NORTH TEXAS (CBS11) – Citing a 1400 percent increase in lawsuits, a local lawmaker wants to put a stop to what he calls “frivolous” litigation stemming from hail damage.
“My concern was that as a property owner in Texas, are we reaching a point where we cannot afford hail insurance in the state of Texas,” asks State Senator Kelly Hancock, a North Richland Hills Republican. “What we are seeing, is that lawsuits are being filed before claims are ever being filed, which is abuse of the system.”
Homeowners in Wylie, hit hard by a hailstorm last spring, tell CBS 11 that the hail had barely stopped falling, when a man made storm descended on the devastated neighborhoods.
“I had people from Louisiana, just running, knocking on doors,” says homeowner Louis Bosquez, “just from everywhere. Coming in, trying to get something.”

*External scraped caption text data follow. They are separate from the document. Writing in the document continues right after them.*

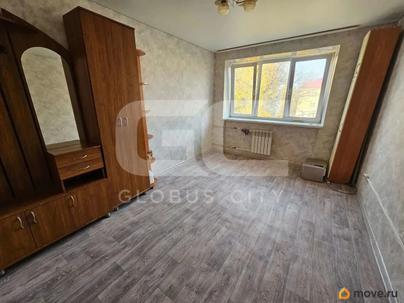 комната, 13.6 м&sup2;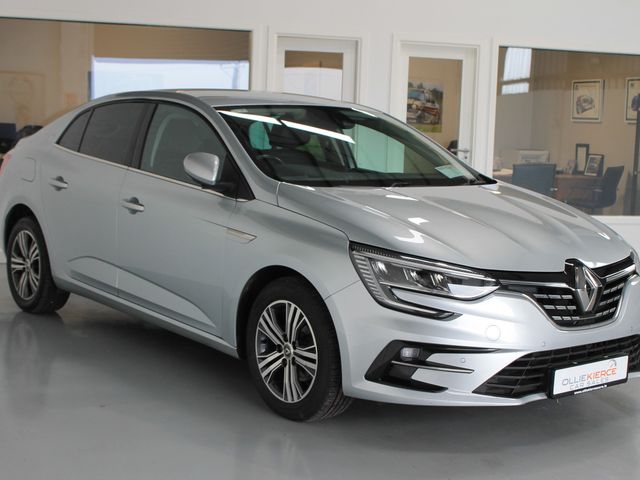 Image for 2021 Renault Megane Iconic TCE 140 6dfull 4DR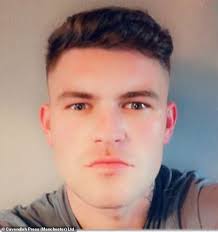 Father-of-one jailed for 22 months after stamping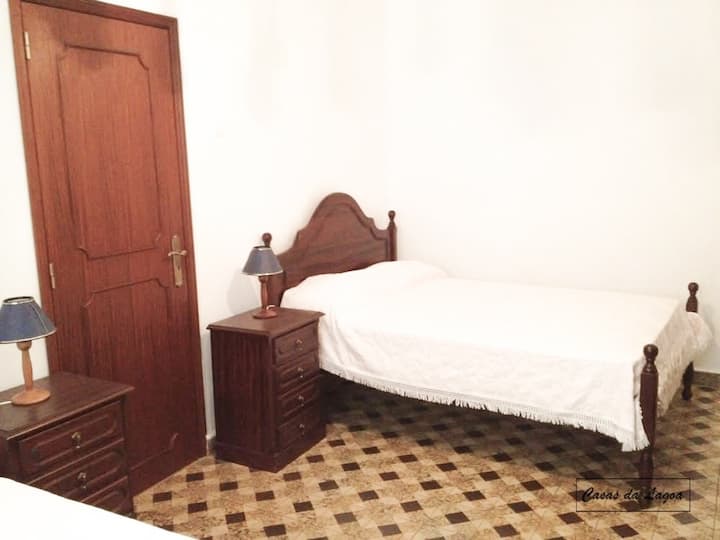 Спална соба 3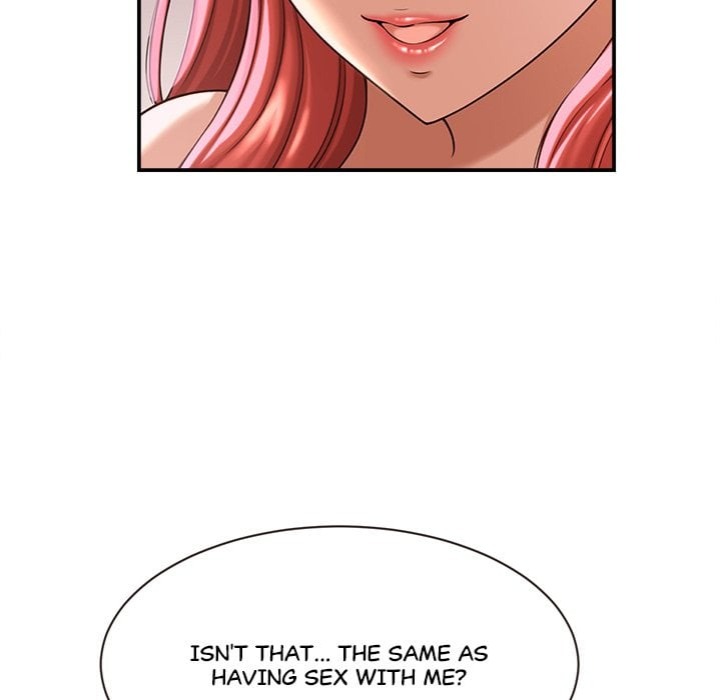 Right Under His Roof - Chapter 19 [photo 86] - MangaPorn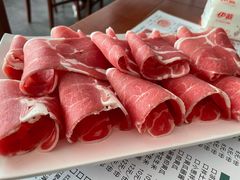 -岳合轩老北京涮肉
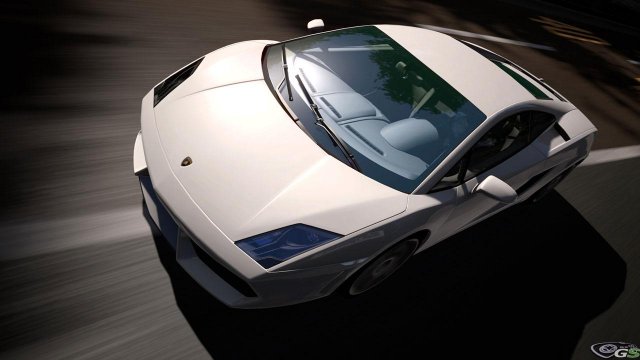 Gran Turismo 5 - Immagine 20343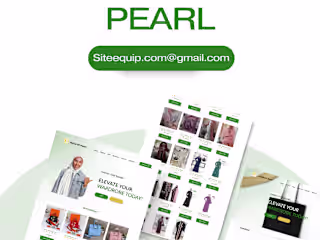 Home Of Pearl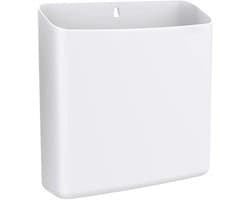 Magnetische Pluisbak voor Wasruimte - Badkamer - Wasmachine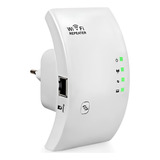 Repetidor Wifi Amplificador Extensor De Sinal 1800 Mbps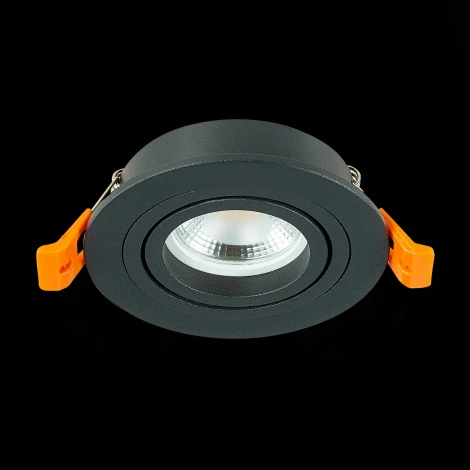 Встраиваемый точечный светильник ST Luce St251 ST251.418.01 (220V, круглые)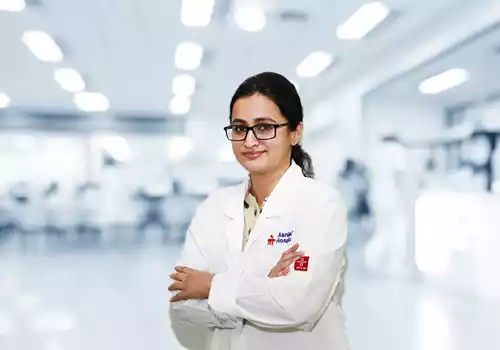 Dr. Mehrin Shamim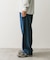 Denim Work Pants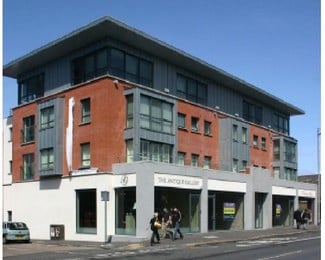 Plus de détails pour 497-505 Lisburn Rd, Belfast - Local commercial à louer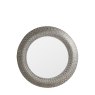 Gallery Direct Chillenden - Mirror Pewter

Critics call them storm chasers — following damage, for dollars.
“I can save you so much, you can ask your insurance company for this amount of money and you can pocket this much money,” says Frances Booker of Wylie as she recalls a pitchman’s appeal, “because we will do your roof for say, $10,000, and we can ask for $15,000… it’s like that.”
But, Booker says she knew better and opted to have her home repaired by a family-owned, local company. “If you have good people, generally they wait for you to call them.”

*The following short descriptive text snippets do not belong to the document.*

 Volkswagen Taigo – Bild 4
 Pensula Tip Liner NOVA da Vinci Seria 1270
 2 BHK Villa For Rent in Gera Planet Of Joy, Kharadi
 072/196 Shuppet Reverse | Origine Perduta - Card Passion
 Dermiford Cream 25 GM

Now, Senator Hancock says crooked roofers, lawyers and adjusters are driving up insurance rates with frivolous lawsuits.
In a statement released when the bill was filed last month, the Senator argued that “Hail litigation has spiraled out of control in Texas, mainly because of a small group of bad actors who abuse the system. Senate Bill 10 will address this problem, improve transparency, and protect Texas consumers from sky high premiums without infringing on their right to make an insurance claim or sue their insurance company when it’s not holding up its end of a deal.”

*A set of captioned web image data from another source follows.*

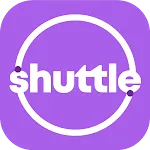 Shuttle - Pick & Drop Serviceapp icon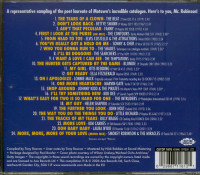 Vorschau: Shop Around - The Smokey Robinson Songbook (CD) Vorschau: Shop Around - The Smokey Robinson Songbook (CD)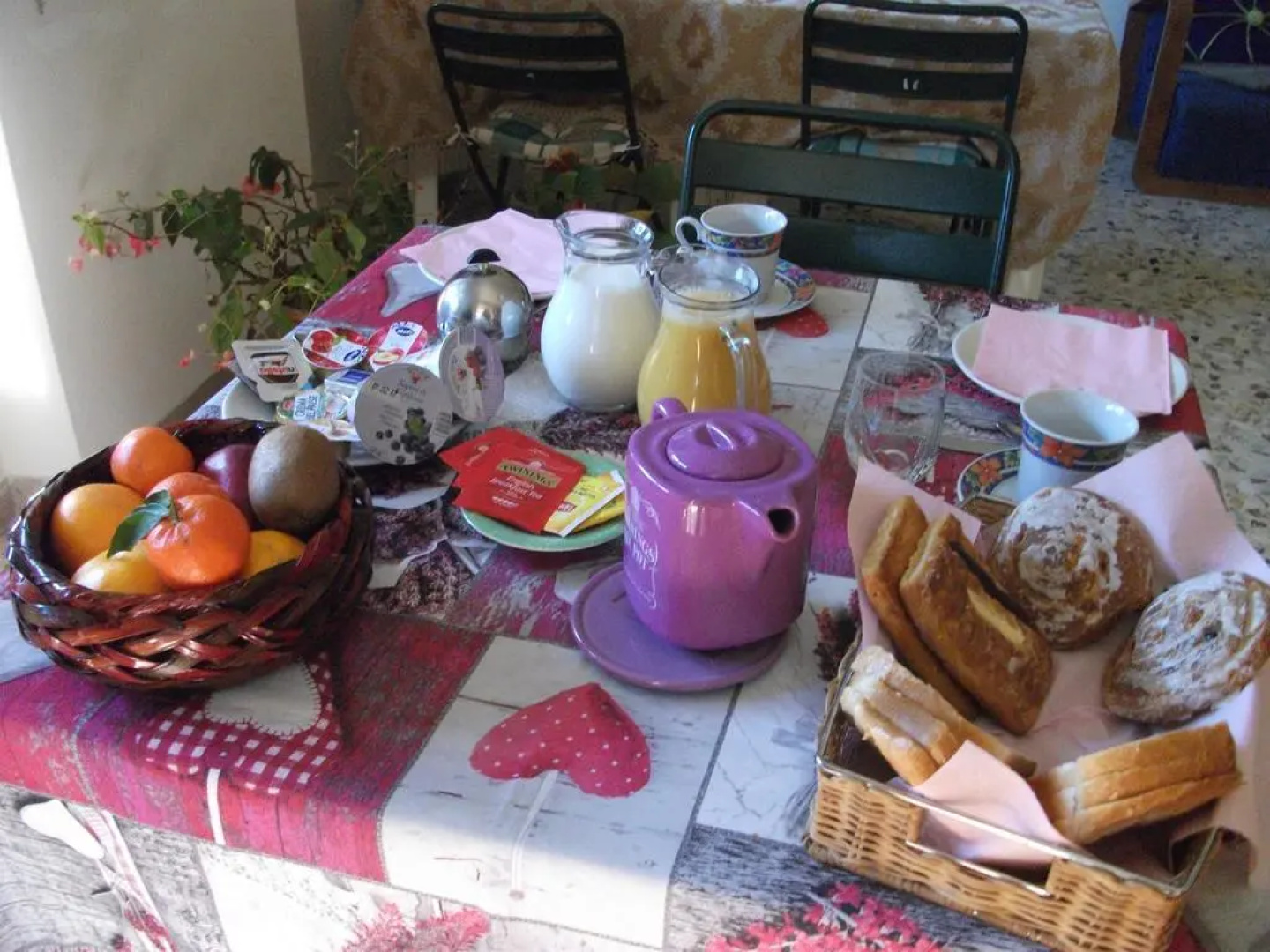B&B La Principessa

When asked for additional details, a spokesperson for his office provided the following statement: “Senate Bill 10 would require lawyers hired by property owners to provide notice to an insurance company before filing a lawsuit, giving the insurance company 60 days to address the claim before being taken to court. This provision should help homeowners get fast, fair payments while also cutting down on frivolous or unnecessary lawsuits that are driving up the cost of homeowners’ insurance.”
Reached at his North Richland Hills office recently, Senator Hancock tells CBS 11, “what that does is that it puts insurance companies on notice saying that an attorney has been hired and you have 60 days to kind of work it out.”
The senator’s motives in pushing the bill, however, warrant scrutiny.
Several years ago, Texas Monthly listed him as one of the state’s worst lawmakers during the 83rd legislative session, specifically citing the Senator’s close ties to the insurance industry.
According to Texas Monthly, the Senator received “$111,916” from “22 companies and organizations.”
The magazine, in defending its poor assessment of Senator Hancock, went on to write that he “authored a bill to eliminate a tiny agency called the Office of Public Insurance Counsel, whose purpose is to represent and support the public in insurance cases and controversies (to make matters worse, this was not long after the agency moved to block a massive rate increase by State Farm).”
Meanwhile, Wylie homeowners CBS 11 spoke with are encouraging caution before limiting the public’s options while dealing with devastating storms.
“I can understand the insurance and the Senator’s point of view,” says Booker, “but, I think they need to be very careful of how they go about that.”